▶ _Activity_
What you return should be the full listing, copied exactly and stripped of its pictures.

*** Data excerpts Section Begins ***

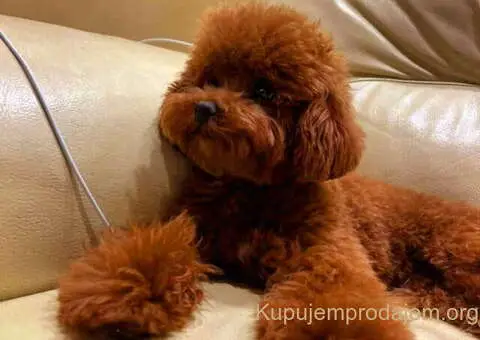 Najlepse bebe teddy bear toy pudle u Pom_Hash_Stars - 2/6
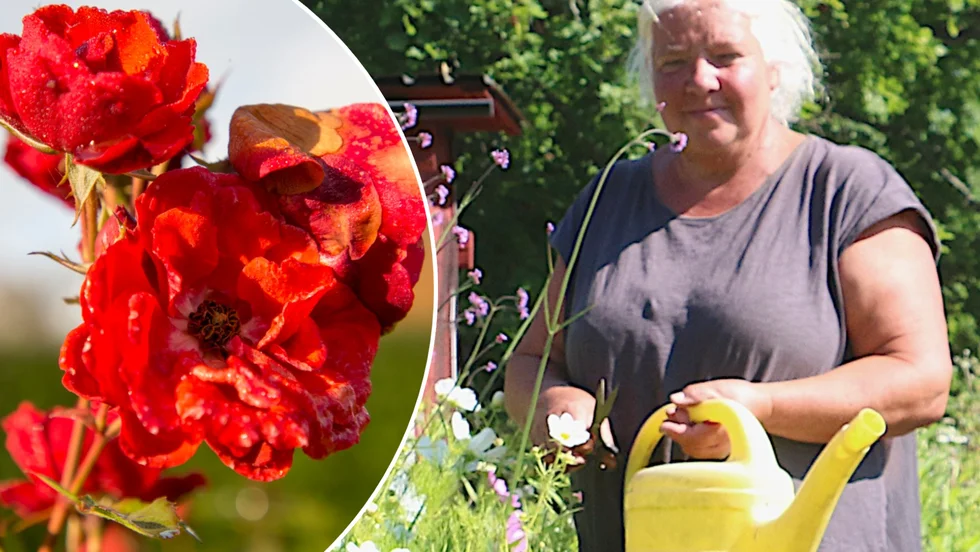   Lotta Rosander som är en av två bakom den idella och uppskattade Örtagården i Virserum är både förbaskad och uppgiven över att växter inte får vara i fred. Nu har två större rosenbuskar grävts upp.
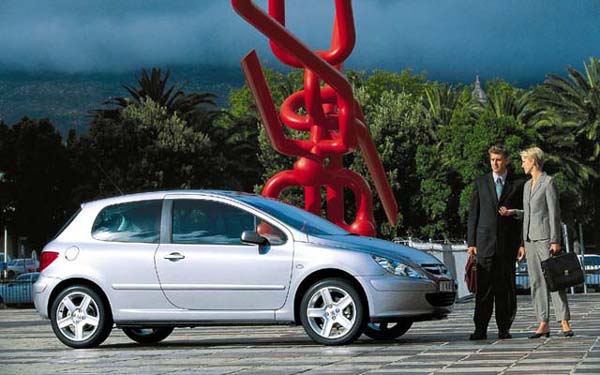 Peugeot 307 (2001-2004)  #2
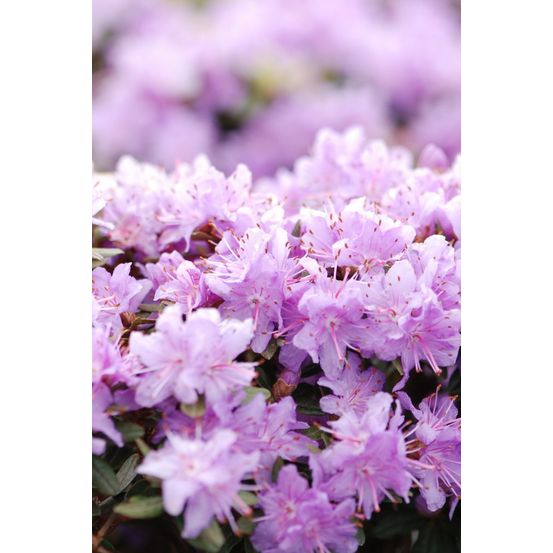 Rhododendron 'impeditum select' - en pot de 4 litres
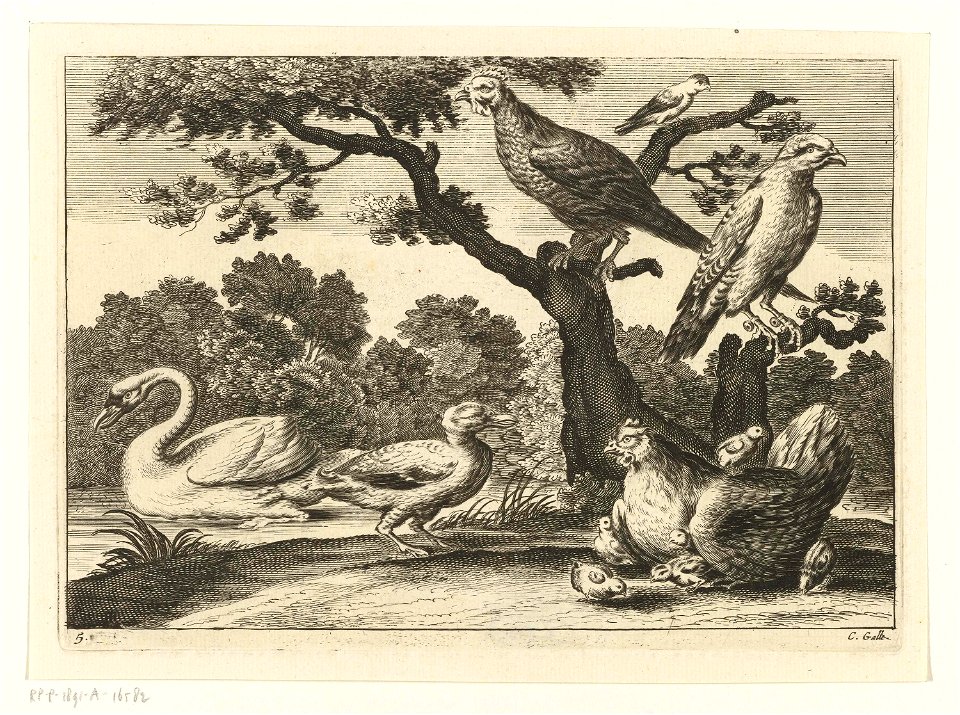 Zwaan, kip met kuikens en andere vogels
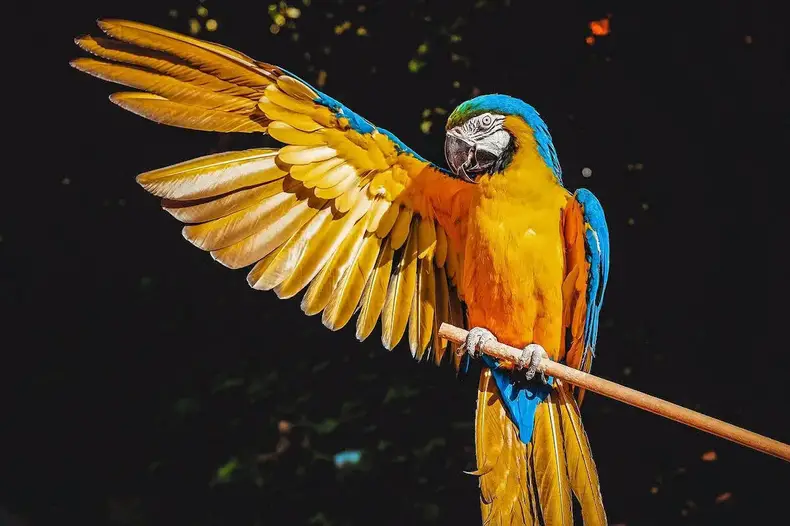 Tipos de Animales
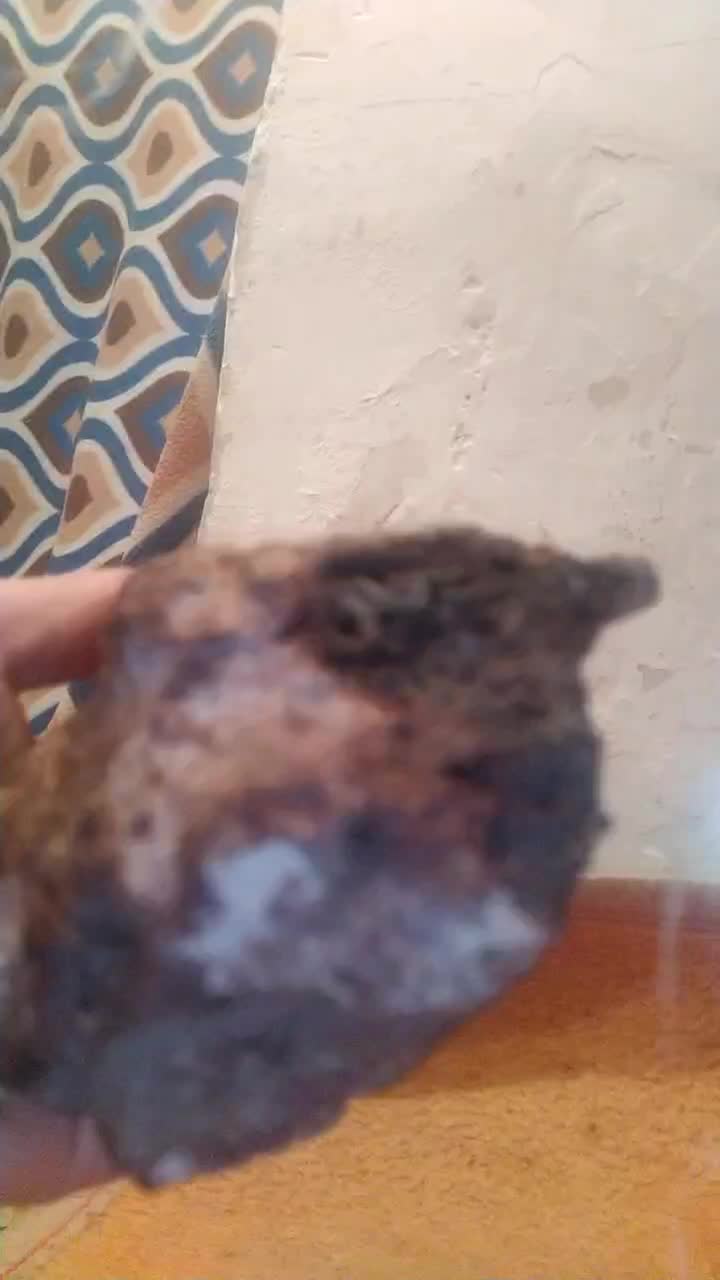 فروش شهاب سنگ‌|جواهرات|قروه, |دیوار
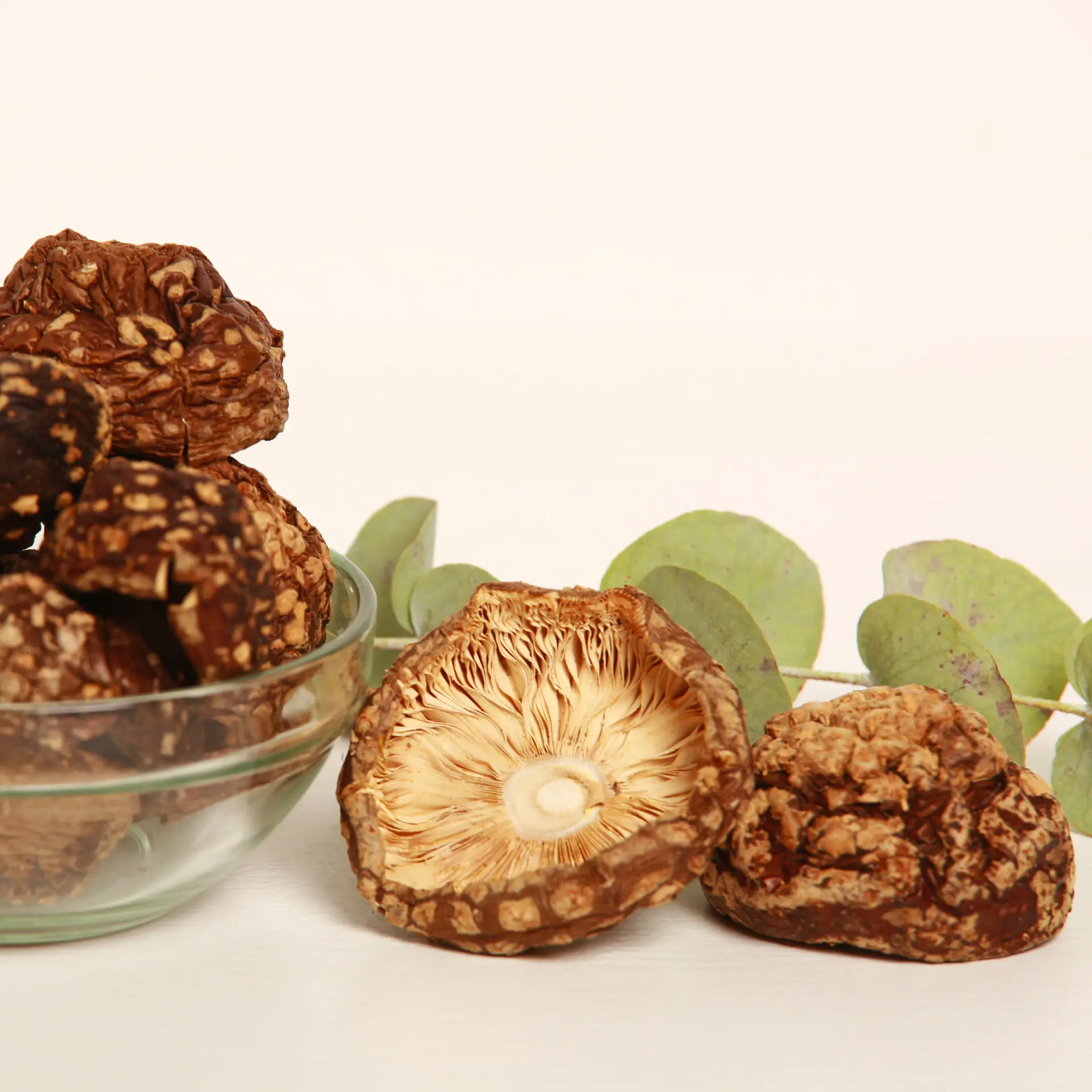 Amanita regalis — 50g — photo 2
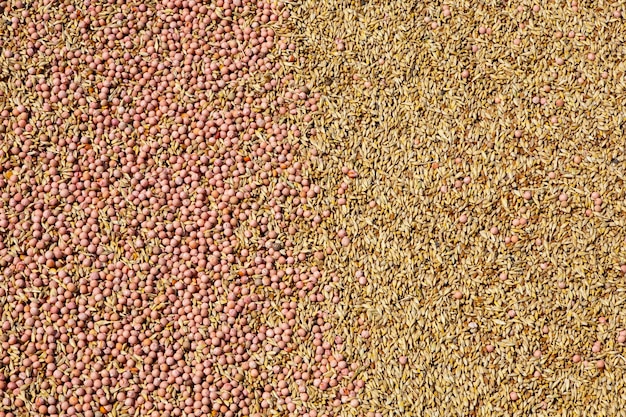 Смесь различных зерен золотых зерен пшеницы на фоне смешанной смеси семян ячменя и овса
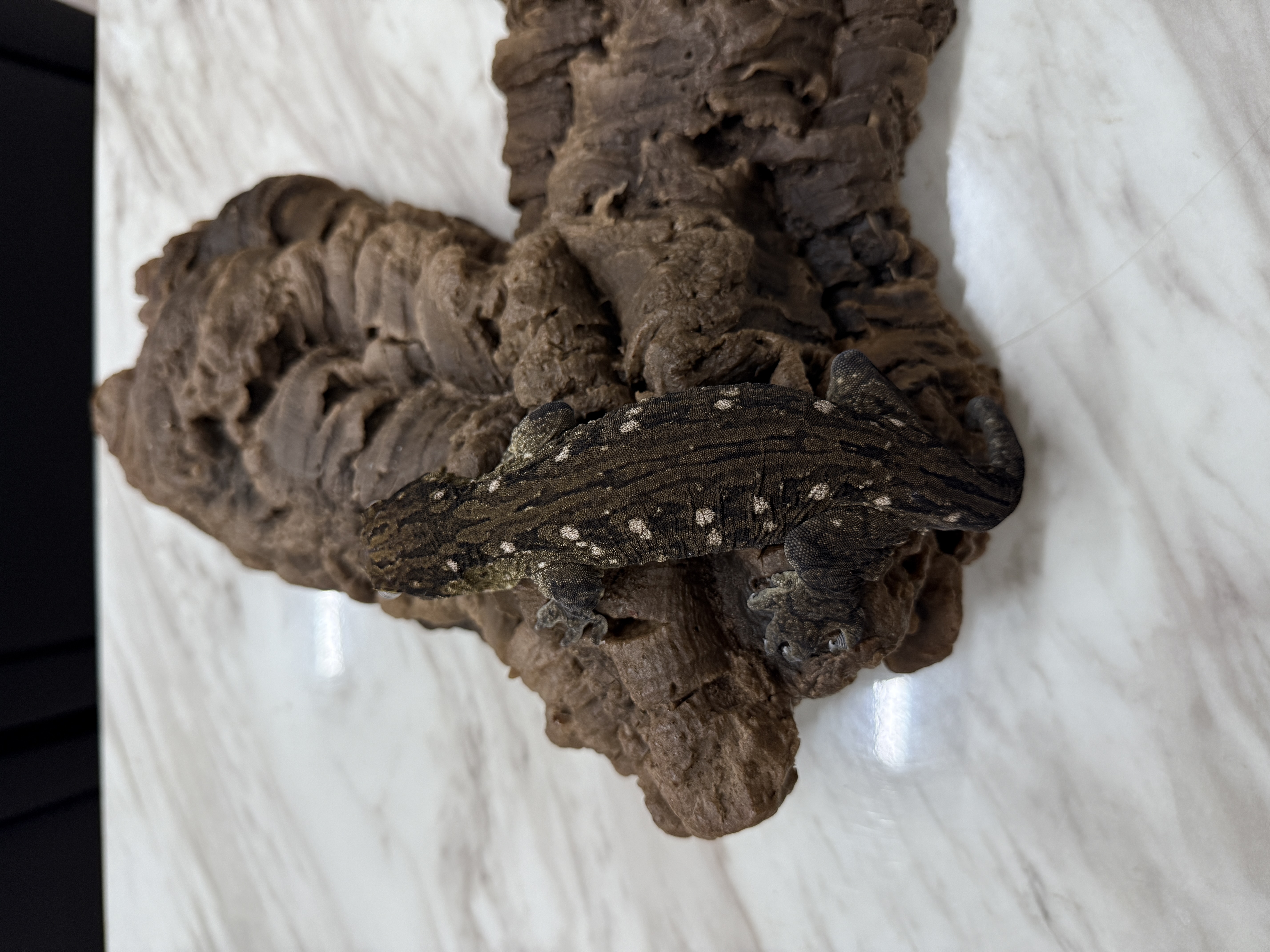 Leapin Leachies - カナワ X (M) detail 3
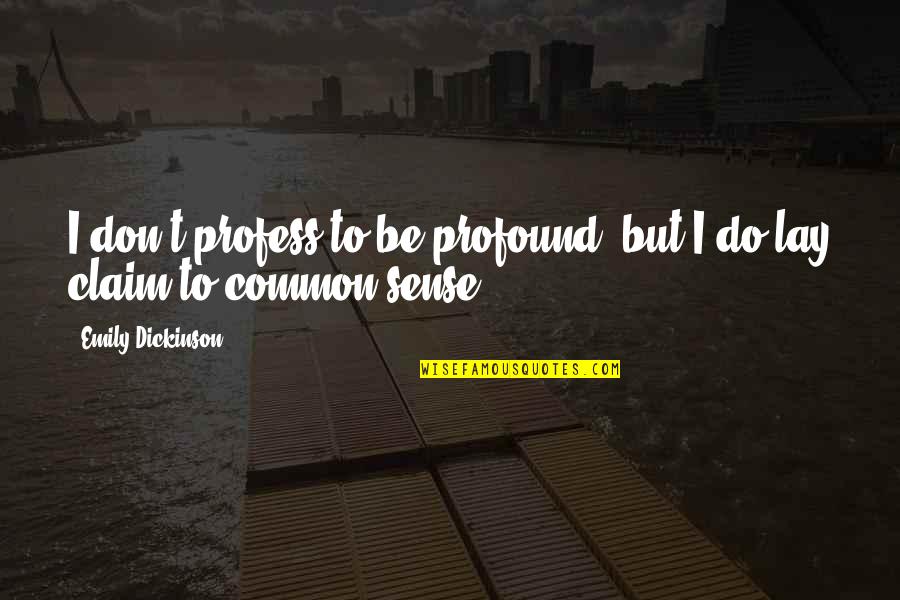 Sunstrokes Quotes By Emily Dickinson: I don't profess to be profound; but I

*** Data excerpts Section Ends ***

▶ _Written solution_
 Najlepse bebe teddy bear toy pudle u Pom_Hash_Stars - 2/6
   Lotta Rosander som är en av två bakom den idella och uppskattade Örtagården i Virserum är både förbaskad och uppgiven över att växter inte får vara i fred. Nu har två större rosenbuskar grävts upp.
 Peugeot 307 (2001-2004)  #2
 Rhododendron 'impeditum select' - en pot de 4 litres
 Zwaan, kip met kuikens en andere vogels
 Tipos de Animales
 فروش شهاب سنگ‌|جواهرات|قروه, |دیوار
 Amanita regalis — 50g — photo 2
 Смесь различных зерен золотых зерен пшеницы на фоне смешанной смеси семян ячменя и овса
 Leapin Leachies - カナワ X (M) detail 3
 Sunstrokes Quotes By Emily Dickinson: I don't profess to be profound; but I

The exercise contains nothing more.